EDIT: Just had to order the data frame by adjusted p-value before plotting! I'm leaving this up in case someone runs into a similar problem.
I'm using DESeq to analyze count data from RNASeq of maize and fungus during pathogenesis. I've done pairwise comparisons between all of the timepoints and their control counterparts to analyze differential expression. However, the MA plots don't look quite right. Genes with significantly differential expression with FDR < 0.10 are color coded red, but the points appear to be color coded at random, rather than on the margins of the point cloud:
These graphs show plenty of counts with a log2 fold change close to 0 and FDR < 0.10, but subsetting the count data frame by these conditions returns 0 rows:
corn3[which(abs(corn3$log2FoldChange) < .5 & corn3$padj < 0.10),]
<0 rows> (or 0-length row.names)
The same happens with every pairwise comparison (four time points, maize counts compared to water inoculation, fungal counts compared to a single axenic sample). I'm trying again in DESeq2, but I'd like to know what's going on, if anyone has any pointers.

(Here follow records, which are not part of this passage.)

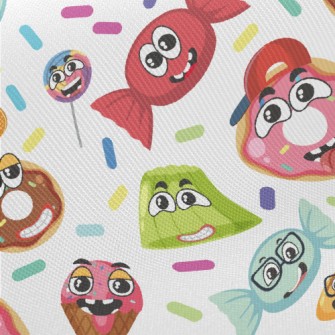 Funny American Desserts Midweight Cotton Poplin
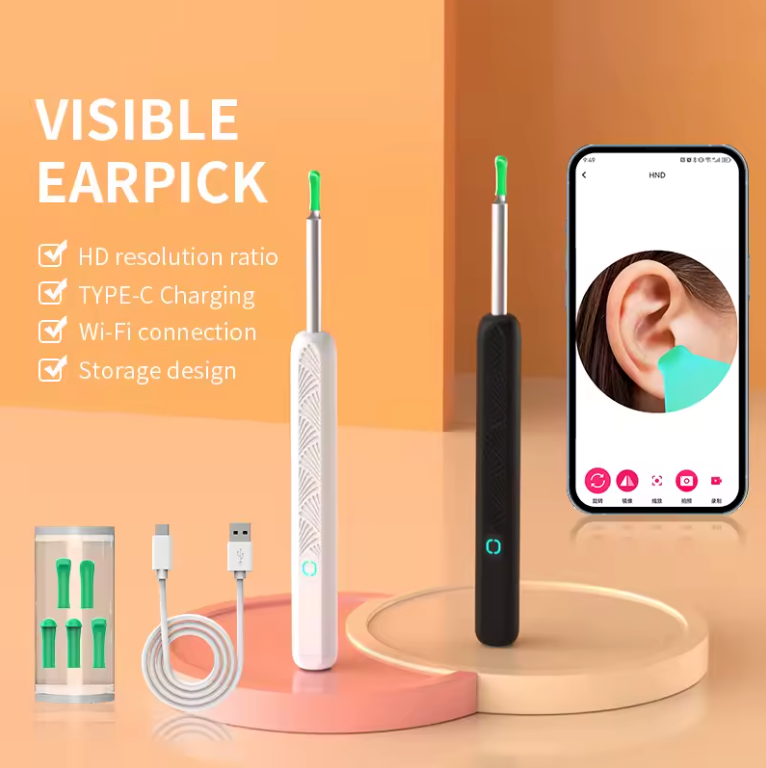 Visual Ear Cleaner with Camera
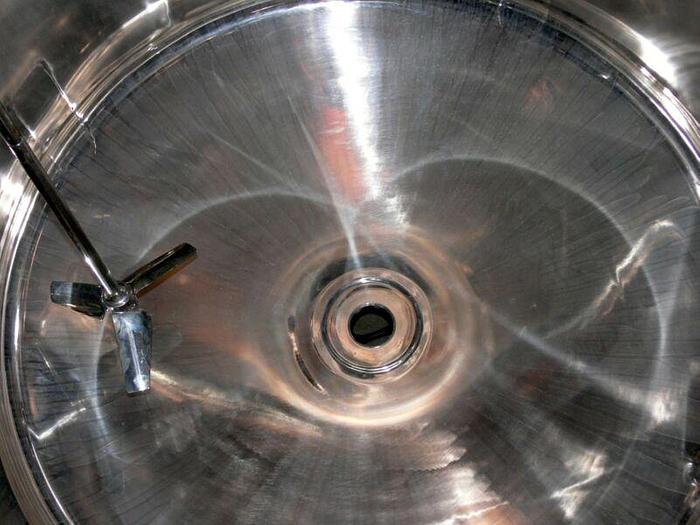 Used DCI 500 Gallon Stainless Steel Single Walled Tank/ Reactor / Pressure Vessel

Below is a sample of code used to generate the binomial test data frames:
meta <- metadata[row.names(metadata) %in% names(counts),]
cds = newCountDataSet(counts, meta$condition)

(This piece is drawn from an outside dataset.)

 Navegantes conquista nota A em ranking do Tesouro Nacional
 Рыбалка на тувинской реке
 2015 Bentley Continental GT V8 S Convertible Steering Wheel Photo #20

cds = estimateSizeFactors(cds)
cornmodel = estimateDispersions(cds)
corn3 = nbinomTest(cornmodel, "3day control", "3day")
plotMA(corn3)
I wonder if the problem is that the color and dataset are subset differently. What happens if you do:
It ended up just being something similar- the data had to be ordered by p-value before the color scheme worked out. Thank you for the advice!
it looks like there's a single line in the plotMA function which puts the col and x,y out of order. I've emailed the maintainer.
subsetting res[res$baseMean > 1,] should be a fix for now.
I have the same question that "Genes with significantly differential expression with FDR < 0.10 are color coded red, but the points appear to be color coded at random, rather than on the margins of the point cloud". Anyone has an answer? Thank you
As mentioned above, this is likely due to a bug in how subsetting is performed.